We are able to model for our children what it means to be good wives. We are given the example of Sarah in how a godly wife should act, “For this is how the holy women who hoped in God used to adorn themselves, by submitting to their own husbands, as Sarah obeyed Abraham, calling him lord. And you are her children, if you do good and do not fear anything that is frightening” (1 Peter 3:5-6). God has designed humanity and marriage to image Him and His relationship to His Church. He has provided women with the high calling of helper and throughout the New Testament reminds us that obedience to God creates imperishable beauty (1 Peter 3:4). So we honor our husbands because God has placed them as the head of the household. God has created good order and when we follow His direction for marriage we model to our children not only what it means to be good wives, but also the marriage of the Lamb and His bride, the Church. 

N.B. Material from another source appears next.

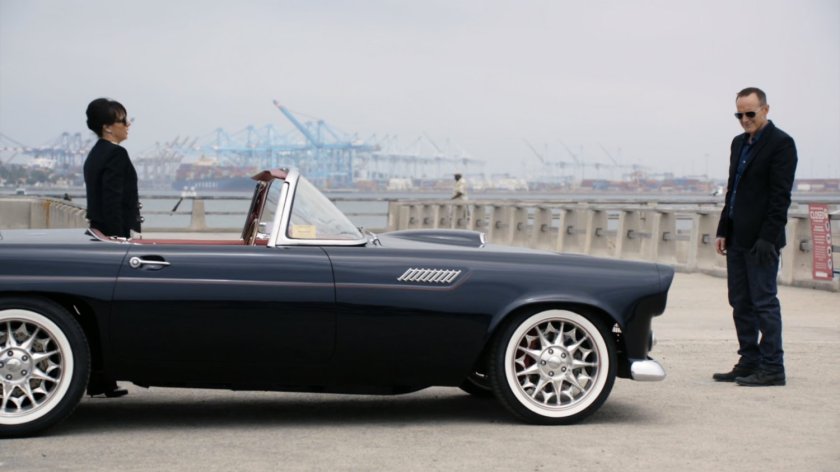 Coulson and Price at a breakwater meeting with cranes in the background.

We are able to model for our children what it means to be good mothers. This has been an area of great conviction for me. What do my boys see as “normal” motherhood? What will their expectations be when looking for the mother of their children? Do I exemplify goodness as “having the qualities required for a particular role”, specifically the role of mother? Paul encourages women, “Train the young women to love their husbands and children, to be self-controlled, pure, working at home, kind, and submissive to their own husbands, that the word of God may not be reviled” (Titus 2:4-5). As a mother do my boys see me as loving, self-controlled, pure, hardworking, kind, and respectful? Am I modeling the kind of motherhood I want my boys to seek for their children? How would I respond to my style of mothering over my grandchildren? I hope to model for my boys what it means to be a good mother, but it is an area of progressive sanctification. 

We are image-bearers of the Most High King. He created us and called us good. Through the sacrifice of Jesus we are made righteous and redeemed to goodness. Let us abide in Christ to grow in goodness and model it as women, wives, and mothers to our children. Let our children know what goodness is by the example we set and let us continually point them back to God, who is Himself goodness.